This summer I participated in the Belize Valley Archaeological Reconnaissance Project (BVAR). This project focuses on the research of Maya sites in the Belize Valley and it is presently working at three sites: Cahal Pech, Lower Dover, and Baking Pot. I had the opportunity to work at latter two sites.
I spent the first couple days in San Ignacio, Belize learning the basics of excavation before I went with a group to the remote jungle site of Lower Dover for two weeks. We stayed in cabins in the jungle where we slept with mosquito nets, showered with rain water, and walked with flashlights at night to avoid stepping on tarantulas. The site was about a half mile hike in the jungle from the camp. Lower Dover is a Terminal Classic site where excavations only recently began in 2010. This field season focused on excavating a plaza structure to determine its architecture to establish a chronology of Lower Dover. I helped to excavate a ceramic cache, which also contained faunal remains and obsidian, and then painstakingly re-uncover it with a spray bottle and paintbrush after a torrential downpour covered it in mud. I also worked in another unit to establish the site’s chronology by uncovering as many stratigraphic levels as quickly as possible before the season ended. This involved recognizing when there was a level change and very reluctantly having to break through several plaster floors of the plaza with a pick.

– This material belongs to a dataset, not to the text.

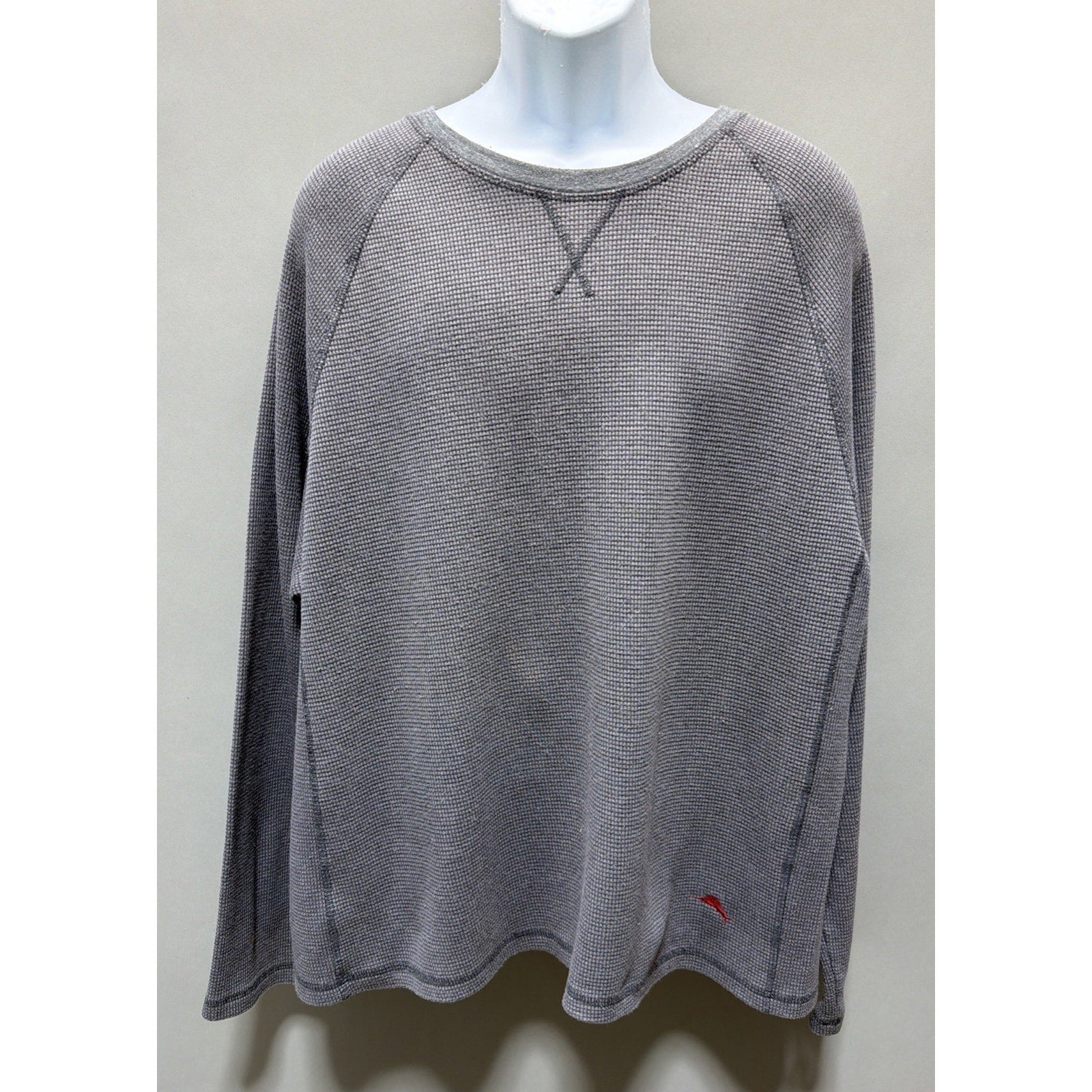 Tommy Bahama Shirt Men's XXL Gray Waffle Knit Thermal Cotton Stretch Casual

The last two weeks I worked at the site of Baking Pot, which has been under excavation for about 20 years and dates back to the Preclassic Period. Baking Pot is covered by modern farms and we had to navigate through a maze of corn fields to reach the mound under excavation. The objective was to expose the architecture of one structure and determine the mound’s chronology with a test pit that measured around 20 feet at season’s end. Since it was the end of the field season, most of the work at the mound was last minute digging, endless screening, and backfilling. Most of the time I was washing and processing artifacts at the ‘lab’ located on a livestock farm. The lab was really just a barn for storage, the porch of the livestock veterinary office, and the outdoors. Thus, we had some curious four-legged visitors that would attempt to eat or play with our equipment and we periodically had to run for cover whenever a stampede of cattle ran through the lab area while we crossed our fingers that they would not trample our drying racks full of
artifacts.
On the weekends I visited other Maya sites in Belize and Guatemala. I’m looking forward to participating in another field school next summer, whether it is with BVAR again or another program in Belize. Overall, I learned a lot from my experience in Belize and gained invaluable insight into archaeological fieldwork. Nothing in the classroom can ever completely prepare you for work in the field, but fieldwork offers invaluable experience and the best stories definitely come from the field.